Las personas impulsivas tomamos decisiones muy rápidas. Desechamos con frecuencia las ventajas e inconvenientes que reporta la urgencia y falseamos el tiempo real que exige completar una determinada actuación. Seguramente por ello, llevados de nuestro frenesí, nos sobrecargamos de tareas y responsabilidades, en lugar de posponer ciertas decisiones y analizar su viabilidad, así como los beneficios y perjuicios derivados hipotéticamente del proyecto que aspiramos a materializar. Probablemente ello dificulta que toleremos los ritmos y maneras de reaccionar que tienen los demás, una actitud que obstaculiza el trabajo en equipo. Y que produce, también, otra consecuencia perniciosa: la renuencia a delegar responsabilidades.
De manera que la impaciencia tiene una repercusión importante en quienes la sufrimos, pues constantemente nos sentimos frustrados cuando las cosas no transcurren en los márgenes deseados.

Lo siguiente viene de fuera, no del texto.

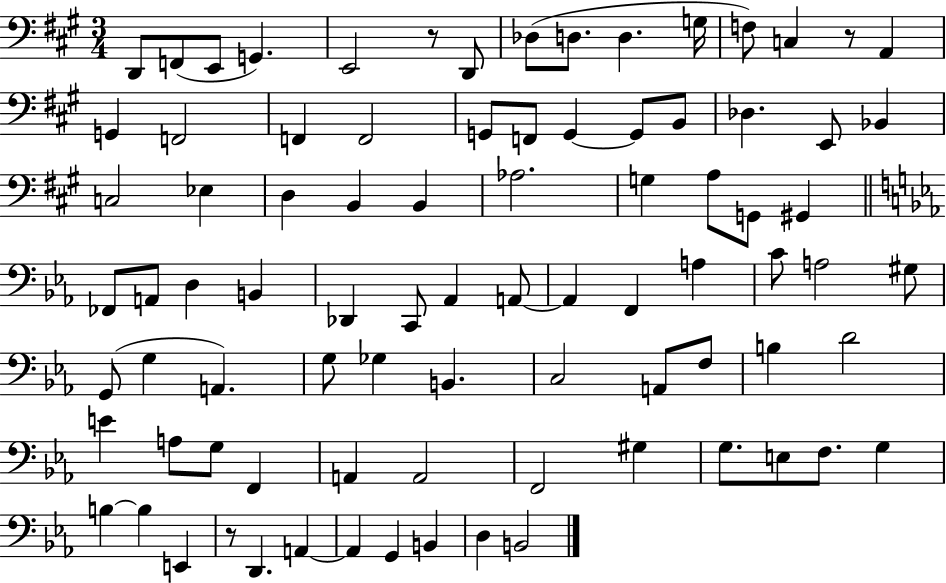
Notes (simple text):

D2/e F2/e E2/e G2/q. E2/h R/e D2/e Db3/e D3/e. D3/q. G3/s F3/e C3/q R/e A2/q G2/q F2/h F2/q F2/h G2/e F2/e G2/q G2/e B2/e Db3/q. E2/e Bb2/q C3/h Eb3/q D3/q B2/q B2/q Ab3/h. G3/q A3/e G2/e G#2/q FES2/e A2/e D3/q B2/q Db2/q C2/e Ab2/q A2/e A2/q F2/q A3/q C4/e A3/h G#3/e G2/e G3/q A2/q. G3/e Gb3/q B2/q. C3/h A2/e F3/e B3/q D4/h E4/q A3/e G3/e F2/q A2/q A2/h F2/h G#3/q G3/e. E3/e F3/e. G3/q B3/q B3/q E2/q R/e D2/q. A2/q A2/q G2/q B2/q D3/q B2/h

Por otro lado, afecta a las relaciones personales y laborales, y hasta al propio bienestar físico, pues induce diferentes trastornos psicosomáticos.

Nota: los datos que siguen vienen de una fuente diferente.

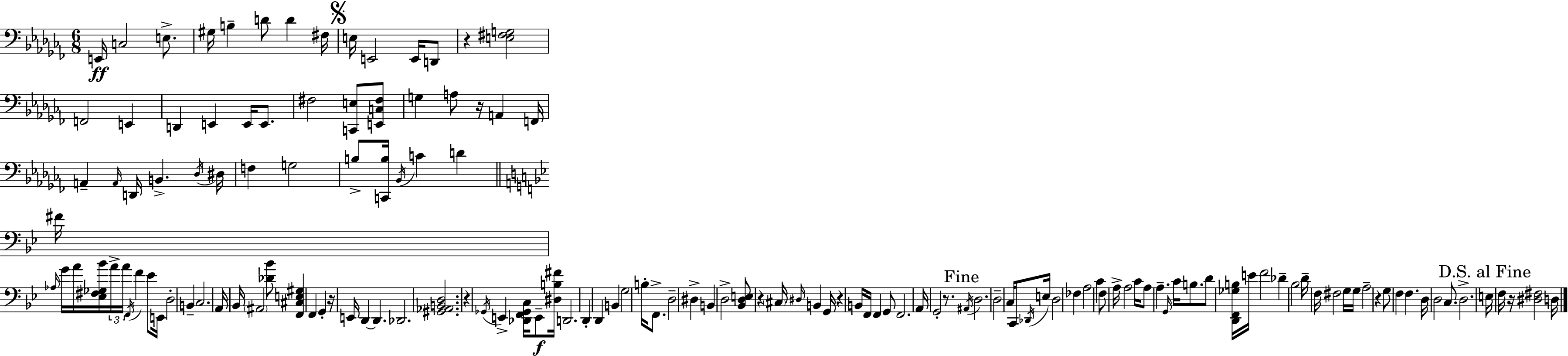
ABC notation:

X:1
T:Untitled
M:6/8
L:1/4
K:Abm
E,,/4 C,2 E,/2 ^G,/4 B, D/2 D ^F,/4 E,/4 E,,2 E,,/4 D,,/2 z [E,^F,G,]2 F,,2 E,, D,, E,, E,,/4 E,,/2 ^F,2 [C,,E,]/2 [E,,C,^F,]/2 G, A,/2 z/4 A,, F,,/4 A,, A,,/4 D,,/4 B,, _D,/4 ^D,/4 F, G,2 B,/2 [C,,B,]/4 _B,,/4 C D ^F/4 _A,/4 G/4 A/4 [_E,^F,_G,_B]/4 A/4 A/4 F,,/4 F _E/2 E,,/4 D,2 B,, C,2 A,,/4 _B,,/4 ^A,,2 [_D_B]/2 [F,,^C,E,^G,] F,, G,, z/4 E,,/4 D,, D,, _D,,2 [^G,,_A,,B,,D,]2 z _G,,/4 E,, [_D,,F,,_G,,C,]/4 E,,/2 [^D,B,^F]/4 D,,2 D,, D,, B,, G,2 B,/4 F,,/2 D,2 ^D, B,, D,2 [_B,,D,E,]/2 z ^C,/4 ^D,/4 B,, G,,/4 z B,,/4 F,,/4 F,, G,,/2 F,,2 A,,/4 G,,2 z/2 ^A,,/4 D,2 D,2 C,/4 C,,/2 _D,,/4 E,/4 D,2 _F, A,2 C F,/2 A,/4 A,2 C/4 A,/2 A, G,,/4 C/4 B,/2 D/2 [D,,F,,_G,B,]/4 E/4 F2 _D _B,2 D/4 F,/4 ^F,2 G,/4 G,/4 A,2 z G,/2 F, F, D,/4 D,2 C,/2 D,2 E,/4 F,/4 z/4 [^D,^F,]2 D,/4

Etimológicamente, «paciencia» es un cultismo, derivado del vocablo «padecer», acuñado entre 1220 y 1250, proveniente del término latino «pati», que es herencia a su vez del griego «pathos», que significa «sufrir», «soportar». El DRAE ofrece siete acepciones para él, de las que me interesa subrayar las cuatro primeras, a saber: 1. f. Capacidad de padecer o soportar algo sin alterarse; 2. f. Capacidad para hacer cosas pesadas o minuciosas; 3. f. Facultad de saber esperar cuando algo se desea mucho; y 4. f. Lentitud para hacer algo. Así pues, la paciencia se interpreta como la capacidad de esperar a que las cosas se produzcan, sin anticiparse o angustiarse en exceso. Frente a la comodidad, la depresión o la apatía, es, una postura activa frente a los acontecimientos que se desea que ocurran.

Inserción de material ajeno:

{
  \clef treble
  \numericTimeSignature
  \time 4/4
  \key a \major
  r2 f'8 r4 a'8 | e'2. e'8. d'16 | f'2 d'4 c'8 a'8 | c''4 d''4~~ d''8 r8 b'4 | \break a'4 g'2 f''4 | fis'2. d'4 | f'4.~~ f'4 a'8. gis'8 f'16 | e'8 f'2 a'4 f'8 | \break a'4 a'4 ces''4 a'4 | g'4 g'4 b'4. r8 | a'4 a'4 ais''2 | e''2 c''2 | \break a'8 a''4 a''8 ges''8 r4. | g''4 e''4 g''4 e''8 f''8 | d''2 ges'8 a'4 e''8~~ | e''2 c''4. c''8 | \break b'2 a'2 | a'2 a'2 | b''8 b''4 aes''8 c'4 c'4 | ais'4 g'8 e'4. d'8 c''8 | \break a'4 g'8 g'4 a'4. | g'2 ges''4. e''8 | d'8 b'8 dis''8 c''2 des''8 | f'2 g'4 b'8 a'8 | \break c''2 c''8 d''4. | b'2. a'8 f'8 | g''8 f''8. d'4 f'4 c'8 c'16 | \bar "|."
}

Dije anteriormente, en algún otro lugar, que quizás llegó la estación en la que lo aconsejable es abandonar la prisa y aguardar pacientemente el inexorable final de las cosas. Me pareció, entonces, que tal vez había llegado la hora de paladear los frágiles segundos, de recuperar los espacios prolongadamente descuidados y de volver a escudriñar los recovecos injustamente desatendidos. Pensaba que, quizás, eclosionaba sin esperarlo el tiempo propicio para merodear sin más, sin rumbo ni guía definidos. Incluso parecía que se brindaba la oportunidad de hacer transcendentes los pormenores de la cotidianidad. Hoy no solo reitero lo que dije, sino que lo refrendo categóricamente. Ojalá consiga recorrer esta parte del camino logrando armonizar la permanente tensión entre la paciencia y la impaciencia, esa forma de ser equilibrada y armoniosa que practicó y de la que nos habló el maestro Paulo Freire.